To overcome this , I changed the order :
mapper = DataFrameMapper([ ('Column_A', [
CustomTransformFunctionGenerator(function='lowercase'),
CategoricalDomain(invalid_value_treatment="as_missing",missing_value_replacement="Unknown"),
LabelEncoder()]),
so that the DataField markup is created with the correct name , but in this case I get the following exception :
org.jpmml.converter.ContinuousFeature cannot be cast to org.jpmml.converter.WildcardFeature
at sklearn2pmml.decoration.CategoricalDomain.encodeFeatures(CategoricalDomain.java:65)
My end objective is to apply some function to a categorical field and then pass it to Label Encoder.
I've only come here after exhausting all my ideas , hope it doesn't come across as spam.
Thanks.
Hi Villu,
Thanks for your reply.

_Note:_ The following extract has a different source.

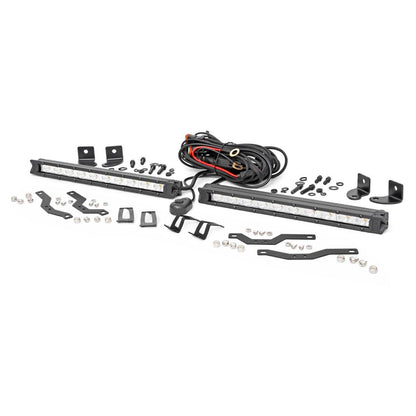 Rough Country LED Light Kit | Grille Mount | 10" Chrome Slimline Pair | Ford F-150 (18-20) 70809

I'll try and see if I can get the SkLearnEncoder subclass solution working.
Hey Villu,
Didn't have much luck with subclass solution,would it possible for you to fix this in the near future?
https://github.com/jpmml/jpmml-converter/issues/7
Hi Villu,
When using the CategoricalDomain(with_data=False) option the resulting PMML creates that field as Continuous and double even for String fields.
This is the mapper :
('Column',[CategoricalDomain(with_data=False),CustomTransformer(function="somefun")])
And this is how the data field is created.
<DataField name="row_string" optype="continuous" dataType="double"/>
Manually changing the optype to categorical and continuous and dataType to string works fine.
> Please note that sklearn.Transformer subclasses should indicate the
> expected data type and operational type of their inputs by overriding
> #getDataType() and #getOpType() methods:
>
> class MyTransformer extends sklearn.Transformer {
>
> @Override
> public DataType getDataType(){
> return DataType.STRING;
> }
>
> @Override
> public OpType getOpType(){
> return OpType.CATEGORICAL;
> }
> }
>
This method works and the generated DataFields have proper Datatypes. However when working with more than one field, if we go with this fix, each of them will have the same type , i.e the one reported by the getDataType and getOpType
functions. However its very much possible to have some transformation on two fields of different types. How do we deal with this?
Also, is there a way to achieve proper DataTypes and Optypes for both the derived and datafields when using CustomTransformers without having to hardcode the types?
Thanks.
> Is there a "super" datatype that can represent the values of all input
> fields correctly?
>
> For numeric fields (double + float; double + integer) it's typically
> the DOUBLE datatype. For mixed fields, it's typically the STRING
> datatype.
>
To make it clearer, say I have the following mapper :
(['Column1','Column2'],[CustomTransformer(function="somefun")])
where Column1 is string and Categorical and Column2 is Double and continuous.
> @Override
> public DataType getDataType(){
> return DataType.STRING;
> }
>
> @Override
> public OpType getOpType(){
> return OpType.CATEGORICAL;
> }
> }
>
If I adopt this method, both of the fields will have Categorical and String, which is not correct.
How do we get correct datatypes for both these fields?